The best that Israeli policymakers can do in the context of what is happening in the region is to say little and to do virtually nothing. And the best that interested outsiders can do is to avoid dreaming that this is the time for Israel and Palestine to negotiate seriously toward a comprehensive agreement.
There is much happening in the Middle East, but no one knows what it is or where it will lead. There are common elements. We hear about democracy, power to the people, and throw the bastard(s) out. However, those are the chants of crowds and not plans of action. Chances are that events will proceed differently in each country, and that nothing will be settled for quite some time. Those who initially seize power might not hold on to it. Secular intellectuals and political liberals will make themselves heard, along with Islamists and military personnel. Quite likely that there will be competition within each of these groupings, and efforts to arrange alliances between individuals of different sectors. Declared reforms may give way to power grabs. Initial governments by military personnel may yield to later demonstrations and some other kind of regime. Countries that presently are quiet may succumb to popular uprisings that have yet to crest.
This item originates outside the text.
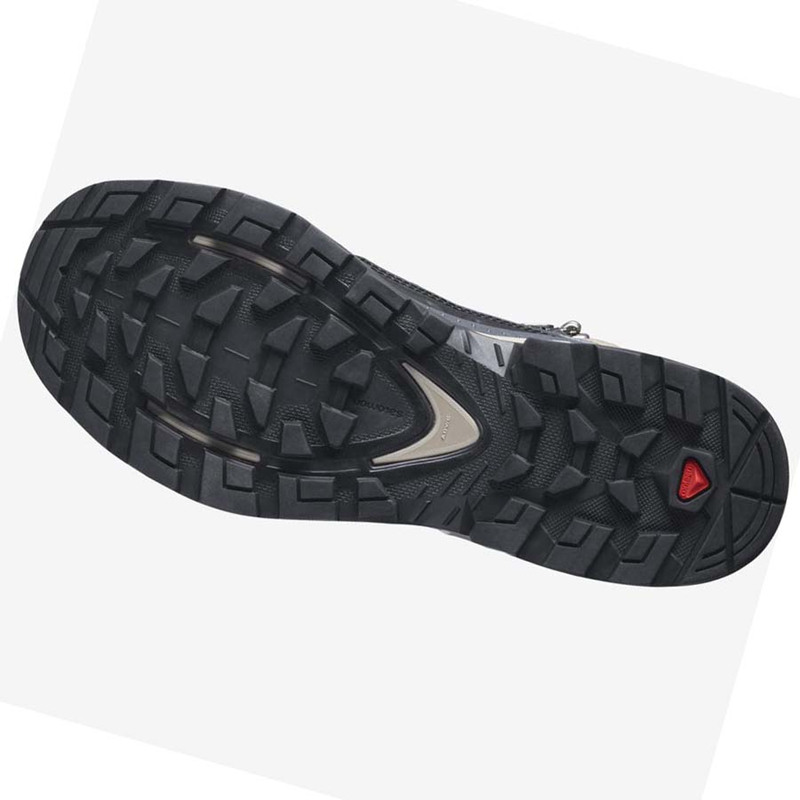 Salomon WoQUEST ELEMENT GORE-TEX Wanderschuhe Damen Schwarz | GKZHJWV-40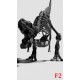 Wallpapers mural black dinosaur skeleton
Palestinians do not feel themselves immune from these events. An initial move to hold off dissent came from the regime in the West Bank changing the composition of its government and announcing--once again--elections in a few months time. It did not take many minutes for the regime in Gaza to ridicule their competitors, and announce that West Bank lackeys of America and Israel would not manage elections on their turf.
Advocates of peace make a fair point that Israel as the stronger partner should take the initiative in making proposals. However, it is also fair to note that Israel has made reasonable offers, most significantly in 2000 and 2008, with no apparent response beyond rejection from the Palestinians.
The current situation makes Palestinians even less reliable. For more than a year they have used one or another reason not to enter negotiations despite the prodding and enticing of the Obama administration and others.
One should understand rather than ridicule their reluctance. They are barely holding power in the West Bank, and under pressure from Gaza and the Palestinian diaspora. The Al-Jazeera leakage about Palestinian negotiations made modest concessions appear extreme, and caused the resignation of their senior delegate.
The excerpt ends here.